Когда-то Владимир Карнаухов работал в газете «Советская молодежь» журналистом. А параллельно писал повести и рассказы, которые публиковал в журналах и книгах. В 1991 году вступил в Союз писателей. В 2008 у него вышла пятая по счету книга — «Приглашение на Голгофу». Он относится к тем редким людям, которые со всей сердечной чистотой вносят свой маленький вклад в литературу, уважительно давая возможность вдохновлять умы другим авторам, на их взгляд более способным к этому. «Я всего лишь создаю мир, в котором мне интересно», — признается Владимир Степанович. А нам интересно было узнать, как человек, скромно занимающийся писательским трудом, видит сегодняшнее развитие литературы в Иркутске.
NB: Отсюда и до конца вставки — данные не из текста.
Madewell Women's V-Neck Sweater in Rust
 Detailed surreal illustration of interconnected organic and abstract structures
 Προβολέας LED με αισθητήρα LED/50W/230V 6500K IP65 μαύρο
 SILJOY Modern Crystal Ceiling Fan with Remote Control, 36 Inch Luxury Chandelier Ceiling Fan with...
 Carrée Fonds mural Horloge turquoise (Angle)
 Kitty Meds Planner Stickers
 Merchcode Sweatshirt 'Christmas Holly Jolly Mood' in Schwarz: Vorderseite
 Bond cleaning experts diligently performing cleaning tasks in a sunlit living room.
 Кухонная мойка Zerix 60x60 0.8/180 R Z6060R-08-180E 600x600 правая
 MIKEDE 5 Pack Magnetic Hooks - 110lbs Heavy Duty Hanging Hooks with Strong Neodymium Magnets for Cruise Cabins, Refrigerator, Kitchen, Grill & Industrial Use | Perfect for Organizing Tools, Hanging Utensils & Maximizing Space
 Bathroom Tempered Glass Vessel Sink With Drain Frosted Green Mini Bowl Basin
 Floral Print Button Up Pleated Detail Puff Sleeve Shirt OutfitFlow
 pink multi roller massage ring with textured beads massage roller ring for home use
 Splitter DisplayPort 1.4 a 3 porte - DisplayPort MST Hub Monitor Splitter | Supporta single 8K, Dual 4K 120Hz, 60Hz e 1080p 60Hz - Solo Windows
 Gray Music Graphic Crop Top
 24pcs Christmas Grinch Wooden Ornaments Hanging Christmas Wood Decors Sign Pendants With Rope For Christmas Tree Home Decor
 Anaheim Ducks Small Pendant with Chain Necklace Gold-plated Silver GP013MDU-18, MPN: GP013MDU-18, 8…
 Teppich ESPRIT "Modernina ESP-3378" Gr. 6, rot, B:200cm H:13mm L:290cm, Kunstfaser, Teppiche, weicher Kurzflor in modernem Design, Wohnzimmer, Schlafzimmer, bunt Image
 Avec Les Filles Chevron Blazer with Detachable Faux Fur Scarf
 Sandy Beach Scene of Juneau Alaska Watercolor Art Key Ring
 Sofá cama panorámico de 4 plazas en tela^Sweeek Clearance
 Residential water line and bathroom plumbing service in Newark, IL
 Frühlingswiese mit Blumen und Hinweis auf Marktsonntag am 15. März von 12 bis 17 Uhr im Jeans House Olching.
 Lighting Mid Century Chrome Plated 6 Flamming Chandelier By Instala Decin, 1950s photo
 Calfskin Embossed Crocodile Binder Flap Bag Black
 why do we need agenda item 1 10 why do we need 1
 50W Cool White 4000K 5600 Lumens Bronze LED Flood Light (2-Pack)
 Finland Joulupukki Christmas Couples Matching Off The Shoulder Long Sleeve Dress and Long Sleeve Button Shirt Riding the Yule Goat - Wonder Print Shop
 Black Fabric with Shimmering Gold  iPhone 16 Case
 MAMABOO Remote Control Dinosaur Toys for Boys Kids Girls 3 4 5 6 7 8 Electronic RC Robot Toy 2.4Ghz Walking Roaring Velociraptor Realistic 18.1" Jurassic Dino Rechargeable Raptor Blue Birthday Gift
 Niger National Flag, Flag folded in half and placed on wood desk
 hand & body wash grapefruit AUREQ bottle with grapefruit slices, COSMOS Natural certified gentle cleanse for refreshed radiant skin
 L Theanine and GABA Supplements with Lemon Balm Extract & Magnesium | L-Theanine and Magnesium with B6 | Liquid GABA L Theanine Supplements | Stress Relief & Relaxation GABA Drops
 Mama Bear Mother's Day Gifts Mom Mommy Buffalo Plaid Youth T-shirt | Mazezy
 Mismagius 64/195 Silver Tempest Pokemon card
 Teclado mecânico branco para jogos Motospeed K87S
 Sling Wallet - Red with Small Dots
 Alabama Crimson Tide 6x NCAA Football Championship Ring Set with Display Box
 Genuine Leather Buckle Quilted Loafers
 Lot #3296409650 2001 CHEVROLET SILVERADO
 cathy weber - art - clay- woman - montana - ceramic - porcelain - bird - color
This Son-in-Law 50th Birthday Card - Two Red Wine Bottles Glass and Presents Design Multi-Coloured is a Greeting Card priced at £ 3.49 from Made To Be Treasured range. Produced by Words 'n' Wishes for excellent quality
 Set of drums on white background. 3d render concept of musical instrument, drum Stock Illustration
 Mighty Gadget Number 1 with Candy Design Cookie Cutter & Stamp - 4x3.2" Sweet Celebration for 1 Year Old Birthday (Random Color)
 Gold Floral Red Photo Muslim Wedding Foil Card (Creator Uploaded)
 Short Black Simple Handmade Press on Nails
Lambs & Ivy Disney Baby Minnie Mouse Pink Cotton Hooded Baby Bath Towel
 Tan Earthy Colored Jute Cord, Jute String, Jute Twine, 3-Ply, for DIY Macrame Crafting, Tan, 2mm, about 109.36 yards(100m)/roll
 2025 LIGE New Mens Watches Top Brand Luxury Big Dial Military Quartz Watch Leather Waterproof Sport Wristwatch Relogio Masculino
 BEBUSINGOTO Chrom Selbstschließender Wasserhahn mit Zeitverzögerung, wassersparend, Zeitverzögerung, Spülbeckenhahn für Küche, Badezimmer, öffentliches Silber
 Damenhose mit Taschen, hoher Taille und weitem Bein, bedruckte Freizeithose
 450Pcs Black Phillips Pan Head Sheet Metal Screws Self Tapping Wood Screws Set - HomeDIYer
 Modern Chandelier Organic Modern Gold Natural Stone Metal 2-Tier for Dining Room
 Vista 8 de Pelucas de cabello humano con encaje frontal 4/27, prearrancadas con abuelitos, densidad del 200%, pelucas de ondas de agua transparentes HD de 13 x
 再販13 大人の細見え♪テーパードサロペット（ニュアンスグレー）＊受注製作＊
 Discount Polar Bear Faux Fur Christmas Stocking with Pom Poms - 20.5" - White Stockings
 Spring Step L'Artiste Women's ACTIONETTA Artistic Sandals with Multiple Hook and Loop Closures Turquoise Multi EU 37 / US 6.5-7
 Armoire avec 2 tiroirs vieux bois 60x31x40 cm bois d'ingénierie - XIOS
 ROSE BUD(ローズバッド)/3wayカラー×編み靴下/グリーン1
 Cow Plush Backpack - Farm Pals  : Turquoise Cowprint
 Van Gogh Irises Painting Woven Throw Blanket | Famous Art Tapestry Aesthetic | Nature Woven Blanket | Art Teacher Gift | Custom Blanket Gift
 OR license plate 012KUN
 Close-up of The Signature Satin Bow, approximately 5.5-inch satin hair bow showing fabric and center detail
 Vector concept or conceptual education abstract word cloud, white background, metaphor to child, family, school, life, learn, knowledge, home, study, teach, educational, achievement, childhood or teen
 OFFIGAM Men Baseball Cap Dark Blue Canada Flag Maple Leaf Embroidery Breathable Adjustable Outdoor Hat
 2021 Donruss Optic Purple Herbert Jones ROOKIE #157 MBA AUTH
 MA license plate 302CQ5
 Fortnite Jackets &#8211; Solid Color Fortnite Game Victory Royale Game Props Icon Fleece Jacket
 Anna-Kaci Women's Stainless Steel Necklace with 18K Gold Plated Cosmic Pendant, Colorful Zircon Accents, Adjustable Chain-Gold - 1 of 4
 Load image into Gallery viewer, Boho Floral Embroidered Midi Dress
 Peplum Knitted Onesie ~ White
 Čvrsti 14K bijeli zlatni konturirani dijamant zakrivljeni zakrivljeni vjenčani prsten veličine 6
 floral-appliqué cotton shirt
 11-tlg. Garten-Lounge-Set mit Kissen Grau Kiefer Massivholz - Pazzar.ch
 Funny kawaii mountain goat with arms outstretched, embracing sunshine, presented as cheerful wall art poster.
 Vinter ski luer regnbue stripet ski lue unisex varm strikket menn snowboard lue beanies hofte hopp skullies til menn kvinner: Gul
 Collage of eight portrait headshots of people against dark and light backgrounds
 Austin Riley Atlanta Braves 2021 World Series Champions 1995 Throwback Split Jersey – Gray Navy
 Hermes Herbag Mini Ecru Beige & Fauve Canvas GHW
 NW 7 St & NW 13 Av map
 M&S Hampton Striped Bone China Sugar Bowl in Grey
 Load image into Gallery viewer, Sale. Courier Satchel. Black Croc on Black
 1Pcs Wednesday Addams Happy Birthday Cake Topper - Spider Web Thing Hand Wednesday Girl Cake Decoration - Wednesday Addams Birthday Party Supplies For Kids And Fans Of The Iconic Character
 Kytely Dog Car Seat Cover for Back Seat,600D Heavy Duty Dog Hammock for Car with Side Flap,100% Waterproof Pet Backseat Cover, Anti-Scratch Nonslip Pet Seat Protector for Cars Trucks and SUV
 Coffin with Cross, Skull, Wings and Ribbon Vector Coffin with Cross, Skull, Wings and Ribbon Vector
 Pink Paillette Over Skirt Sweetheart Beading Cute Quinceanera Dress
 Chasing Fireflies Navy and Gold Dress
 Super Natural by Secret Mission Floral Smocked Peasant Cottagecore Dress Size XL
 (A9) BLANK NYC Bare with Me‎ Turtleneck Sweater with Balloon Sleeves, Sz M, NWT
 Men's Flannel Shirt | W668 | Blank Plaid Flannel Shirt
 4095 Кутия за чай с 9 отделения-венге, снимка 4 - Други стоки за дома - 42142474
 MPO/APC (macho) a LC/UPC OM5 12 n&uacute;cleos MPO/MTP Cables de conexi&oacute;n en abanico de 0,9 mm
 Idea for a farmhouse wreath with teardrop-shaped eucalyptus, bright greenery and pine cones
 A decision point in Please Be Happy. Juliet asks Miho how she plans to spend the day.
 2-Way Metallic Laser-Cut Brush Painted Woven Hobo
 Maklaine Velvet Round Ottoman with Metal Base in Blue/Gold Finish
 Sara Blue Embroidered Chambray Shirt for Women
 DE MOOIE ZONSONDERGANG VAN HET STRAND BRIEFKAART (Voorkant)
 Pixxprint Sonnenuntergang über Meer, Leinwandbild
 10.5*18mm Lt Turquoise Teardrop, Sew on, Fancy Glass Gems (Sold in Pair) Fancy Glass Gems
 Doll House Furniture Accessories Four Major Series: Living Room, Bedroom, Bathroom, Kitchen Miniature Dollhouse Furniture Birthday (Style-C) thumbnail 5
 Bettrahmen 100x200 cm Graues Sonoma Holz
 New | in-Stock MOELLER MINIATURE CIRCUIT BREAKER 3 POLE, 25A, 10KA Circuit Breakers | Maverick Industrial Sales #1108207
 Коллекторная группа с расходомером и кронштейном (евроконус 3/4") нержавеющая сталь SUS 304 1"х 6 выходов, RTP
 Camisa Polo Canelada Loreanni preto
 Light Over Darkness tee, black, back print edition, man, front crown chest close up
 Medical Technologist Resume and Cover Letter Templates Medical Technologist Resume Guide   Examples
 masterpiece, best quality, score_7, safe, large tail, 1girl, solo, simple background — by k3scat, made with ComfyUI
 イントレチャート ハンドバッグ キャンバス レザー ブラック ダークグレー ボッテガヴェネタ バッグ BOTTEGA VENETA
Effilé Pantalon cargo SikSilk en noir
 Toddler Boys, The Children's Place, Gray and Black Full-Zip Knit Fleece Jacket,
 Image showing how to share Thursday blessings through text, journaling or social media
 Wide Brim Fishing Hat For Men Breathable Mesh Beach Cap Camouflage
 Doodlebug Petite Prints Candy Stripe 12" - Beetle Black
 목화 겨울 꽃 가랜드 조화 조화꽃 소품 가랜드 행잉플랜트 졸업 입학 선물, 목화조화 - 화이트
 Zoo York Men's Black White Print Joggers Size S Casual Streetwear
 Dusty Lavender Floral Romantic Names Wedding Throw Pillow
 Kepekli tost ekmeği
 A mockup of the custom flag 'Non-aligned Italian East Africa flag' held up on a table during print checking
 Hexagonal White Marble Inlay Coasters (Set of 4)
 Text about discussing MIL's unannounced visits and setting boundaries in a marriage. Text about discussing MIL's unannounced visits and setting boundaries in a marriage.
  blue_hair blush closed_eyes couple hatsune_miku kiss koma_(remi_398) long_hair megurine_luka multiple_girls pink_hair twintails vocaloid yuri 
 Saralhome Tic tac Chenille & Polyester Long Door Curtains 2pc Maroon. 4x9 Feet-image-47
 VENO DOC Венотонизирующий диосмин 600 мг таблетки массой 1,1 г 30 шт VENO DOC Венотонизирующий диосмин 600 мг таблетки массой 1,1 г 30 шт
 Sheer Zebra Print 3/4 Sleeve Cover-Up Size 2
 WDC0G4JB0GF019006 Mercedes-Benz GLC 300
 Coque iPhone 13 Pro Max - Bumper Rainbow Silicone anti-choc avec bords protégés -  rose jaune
— Ваша новая книга состоит из трех частей. Первая — повесть о русском наемнике. Отчего такая тема?
— В советское время наемников называли воинами-интернационалистами. И у меня были такие знакомые наемники — летчики, воевавшие за границей. Летчики были самым привилегированными воинами, высшая каста. Получали сумасшедшие деньги. Я опускаю, конечно, первые войны, в которых участвовал Советский Союз, — корейскую, например. Там еще воевали за идею. За орден Красной Звезды там доплачивали 8 рублей, за орден Красного Знамени — 13. Из этих людей невозможно было выжать никакой информации, потому что они давали подписку о неразглашении. Так что весь материал собирался по крупицам в течение долгого времени. И вот получилась повесть.
— Среди ваших знакомых есть прототип главного героя повести?
— Не совсем так. Многие из них, вернувшись домой, опустились, спились. Прекрасные убийцы, они не смогли найти себя в мирной жизни. Были и те, у кого руки оказались золотые и была воля к жизни. Из таких был мой знакомый летчик Ливанов. Главный герой повести носит такую же фамилию. Но судьба его совсем не похожа на судьбу настоящего Ливанова.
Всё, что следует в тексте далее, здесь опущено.